[Items listed in a dataset]
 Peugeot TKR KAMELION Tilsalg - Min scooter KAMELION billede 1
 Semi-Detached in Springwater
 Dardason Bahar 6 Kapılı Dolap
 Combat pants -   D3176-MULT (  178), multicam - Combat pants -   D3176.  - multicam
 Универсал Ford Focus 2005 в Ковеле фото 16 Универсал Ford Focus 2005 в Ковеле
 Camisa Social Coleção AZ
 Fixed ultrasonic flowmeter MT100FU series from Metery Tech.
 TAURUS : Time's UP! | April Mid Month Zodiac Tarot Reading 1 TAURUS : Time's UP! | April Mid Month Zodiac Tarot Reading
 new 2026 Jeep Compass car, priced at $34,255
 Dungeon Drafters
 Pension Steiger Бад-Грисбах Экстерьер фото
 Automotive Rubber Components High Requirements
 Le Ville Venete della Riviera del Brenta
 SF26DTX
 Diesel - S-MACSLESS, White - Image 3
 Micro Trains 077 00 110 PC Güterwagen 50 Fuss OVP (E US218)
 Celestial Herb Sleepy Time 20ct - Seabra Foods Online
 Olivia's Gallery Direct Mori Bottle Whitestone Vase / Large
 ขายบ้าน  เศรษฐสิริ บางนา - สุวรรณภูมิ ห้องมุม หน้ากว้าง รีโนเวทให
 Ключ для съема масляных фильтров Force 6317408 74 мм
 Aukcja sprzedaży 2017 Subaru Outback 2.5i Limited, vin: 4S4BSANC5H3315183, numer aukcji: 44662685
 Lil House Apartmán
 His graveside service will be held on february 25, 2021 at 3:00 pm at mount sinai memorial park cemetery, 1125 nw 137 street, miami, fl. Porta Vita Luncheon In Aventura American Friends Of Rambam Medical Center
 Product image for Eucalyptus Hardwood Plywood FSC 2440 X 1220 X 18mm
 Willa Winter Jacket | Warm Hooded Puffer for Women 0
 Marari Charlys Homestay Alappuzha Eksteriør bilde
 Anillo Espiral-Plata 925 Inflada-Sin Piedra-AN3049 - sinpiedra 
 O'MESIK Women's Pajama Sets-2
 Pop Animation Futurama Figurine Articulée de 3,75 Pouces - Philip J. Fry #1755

> [EXERCISE]
All that belongs in the answer is the run of lines above from the line containing "Dungeon Drafters" through the line containing "Lil House Apartmán", exactly as written.

> [COMPLETED EXERCISE]
 Dungeon Drafters
 Pension Steiger Бад-Грисбах Экстерьер фото
 Automotive Rubber Components High Requirements
 Le Ville Venete della Riviera del Brenta
 SF26DTX
 Diesel - S-MACSLESS, White - Image 3
 Micro Trains 077 00 110 PC Güterwagen 50 Fuss OVP (E US218)
 Celestial Herb Sleepy Time 20ct - Seabra Foods Online
 Olivia's Gallery Direct Mori Bottle Whitestone Vase / Large
 ขายบ้าน  เศรษฐสิริ บางนา - สุวรรณภูมิ ห้องมุม หน้ากว้าง รีโนเวทให
 Ключ для съема масляных фильтров Force 6317408 74 мм
 Aukcja sprzedaży 2017 Subaru Outback 2.5i Limited, vin: 4S4BSANC5H3315183, numer aukcji: 44662685
 Lil House Apartmán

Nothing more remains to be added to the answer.